Sebelumnya rencana holding juga akan dilakukan Kementerian BUMN dalam waktu dekat ini. Namun rencana tersebut masih terkendala di gedung bundar setelah DPR masih mengkaji terkait dasar hukum pembentukan holding yakni Peraturan Pemerintah (PP) Nomor 72 Tahun 2016.
Selain DPR, Mahfud MD mewakili Majelis Nasional Korps Alumni Himpunan Mahasiswa Islam (KAHMI) bersama sejumlah pihak lainnya, mengajukan uji materi (judicial review) (PP) Nomor 72 Tahun 2016 tentang Perubahan atas PP Nomor 44 Tahun 2005 tentang Tata Cara Penyertaan dan Penatausahaan Modal Negara pada BUMN dan Perseroan Terbatas ke Mahkamah Agung (MA), pada (10/3/2017).
Dalam keterangan tertulis Mahfud menyatakan, pihaknya menggugat PP tersebut yang menjadi dasar pembentukan holding atau penggabungan BUMN. Ketentuan ini, merupakan pelanggaran terhadap UU BUMN, karena akan menjadi dasar hukum pencucian aset negara yang akan dialihkan ke pihak lain dengan melalui penyertaan modal pada BUMN, ketentuan tentang Penyertaan Modal Negara (PMN) yang berasal dari kekayaan negara berupa saham milik negara pada BUMN kepada BUMN lain dilakukan tanpa melalui mekanisme APBN (Pasal 2APP72/2016).
Ketentuan di atas bertentangan dengan UU 17 Tahun 2003 tentang Keuangan Negara, UU 19 Tahun 2003 tentang BUMN, UU 12 Tahun 2011 tentang Pembentukan Peraturan Perundang- Undangan, dan UU 17 tahun 2014 tentang MPR, DPR, DPD dan DPRD. Selain itu juga, bertentangan dengan Putusan Mahkamah Konstitusi (MK) Nomor 62/PUU-XI/2013 dan Nomor 48/PUU-XI/2013.
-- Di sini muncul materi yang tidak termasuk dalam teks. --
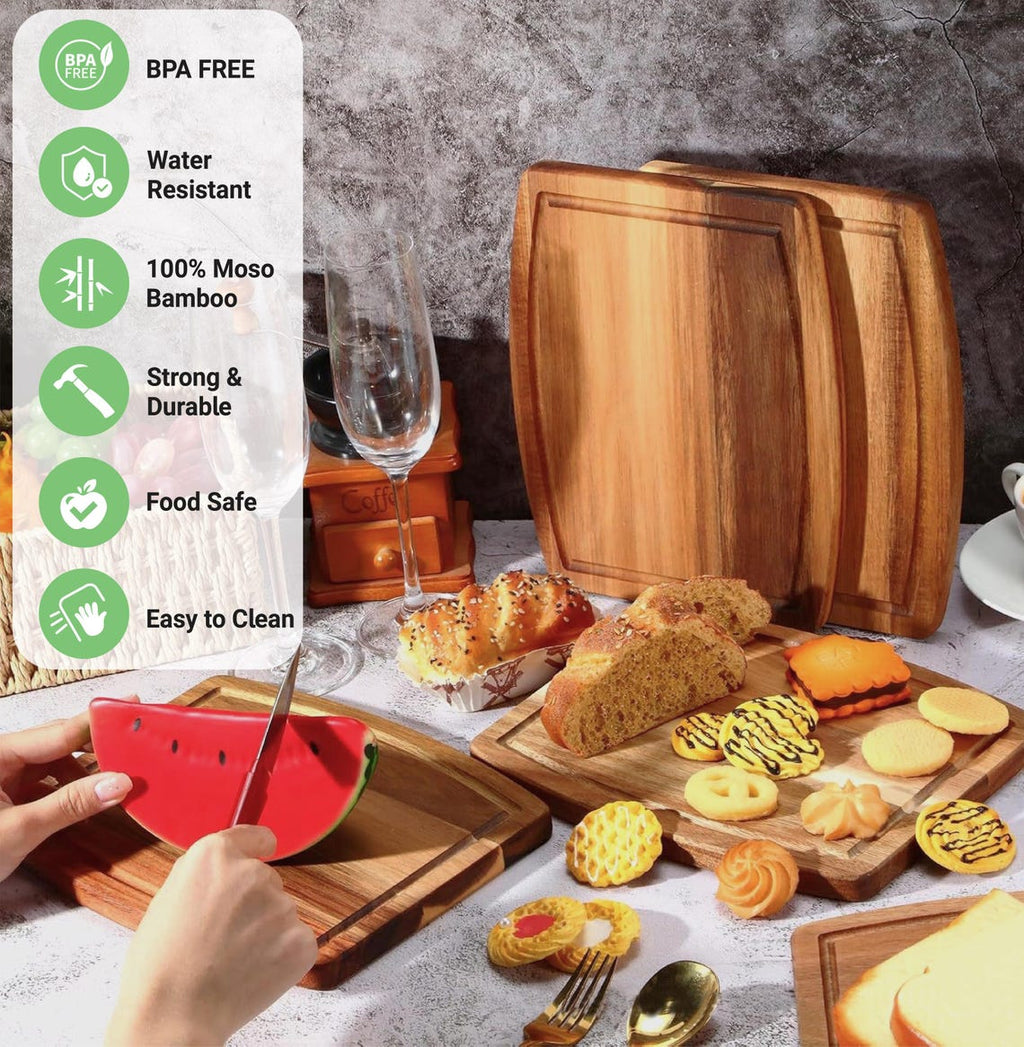 Personalized Acacia Cutting Board with Juice Groove - 2 Sizes Available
Selaras dengan Mahfud, Ekonom UI Faisal Basri juga mengecam keras penerbitan Peraturan Pemerintah 72/2016. Menurutnya, ide holding BUMN hanya akal bulus sekelompok pemburu rente di pemerintah yang ingin agar pemindahan aset BUMN tidak melalui mekanisme pembahasan di DPR. ”Holding BUMN adalah rencana yang jahat dan berbahaya,” ujarnya di Jakarta, Senin (13/2).
Menanggapi hal ini, Kementerian BUMN menyatakan rencana pembentukan holding maupun privatisasi BUMN, khususnya sektor minyak dan gas bumi (migas), belum bisa terealisasi saat ini. Rencana ini masih menunggu kajian dan kesimpulan dari DPR terkait dasar hukumnya yakni (PP) Nomor 72 Tahun 2016.
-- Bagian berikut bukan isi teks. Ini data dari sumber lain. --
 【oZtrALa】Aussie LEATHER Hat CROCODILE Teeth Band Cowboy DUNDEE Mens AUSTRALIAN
Deputi Bidang Infrastruktur Bisnis Kementerian BUMN Hambra S. mengatakan penolakan terhadap PP 72/2016 ini bisa diselesaikan jika berbagai pihak bisa mengerti dan memahami aturan ini secara keseluruhan.
Pemerintah sebenarnya sudah pernah membentuk holding BUMN, seperti di sektor semen dan pupuk, dengan dasar hukum PP 44/2005. Dengan aturan tersebut pemerintah bisa mengalihkan seluruh saham BUMN yang ada dalam holding ke BUMN yang menjadi induknya. Dengan aturan ini, BUMN yang menjadi anak usaha merupakan perusahaan terbuka yang lepas dari kontrol negara.
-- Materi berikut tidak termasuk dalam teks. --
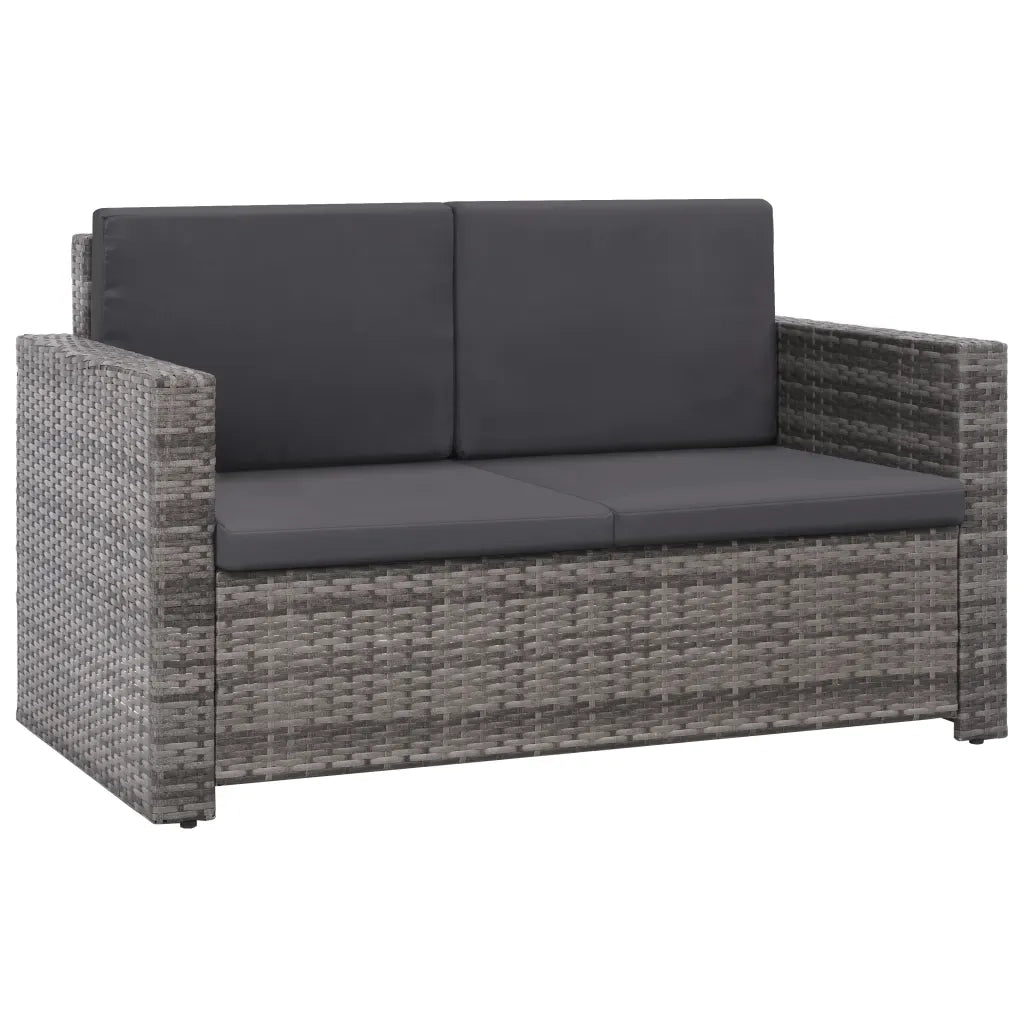 Set Divani da Giardino 2 pz con Cuscini in Polyrattan Grigio 44422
Sebelumnya terkait hal itu, Presiden Joko Widodo (Jokowi) juga sudah meminta Kementerian BUMN berhati-hati dalam membuat induk usaha (holding) BUMN. Sebab, ada beberapa masalah yang perlu diperhatikan, seperti adanya kesenjangan antara BUMN yang sehat dengan BUMN yang kondisinya kurang sehat.
Menurut Presiden, Kementerian BUMN harus mempersiapkan pembentukan induk usaha BUMN berbagai sektor tersebut secara matang dan tidak perlu terburu-buru. “Hati-hati, jangan asal cepat saja tapi juga harus matang. Jangan asal besar dan asal gabung saja tapi hati-hati,” kata Jokowi di Istana Negara, Jakarta, pada (25/1/2017).
Sementara itu, mengutip pernyataan mantan Presiden RI Susilo Bambang Yudhoyono (SBY) dalam pidato politiknya di JCC, Jakarta (7/2/2017). Dalam pidato tersebut ia banyak berpesan kepada pemerintahan saat ini agar lebih berhati-hati terhadap pengaruh negara-negara berasas kapitalis.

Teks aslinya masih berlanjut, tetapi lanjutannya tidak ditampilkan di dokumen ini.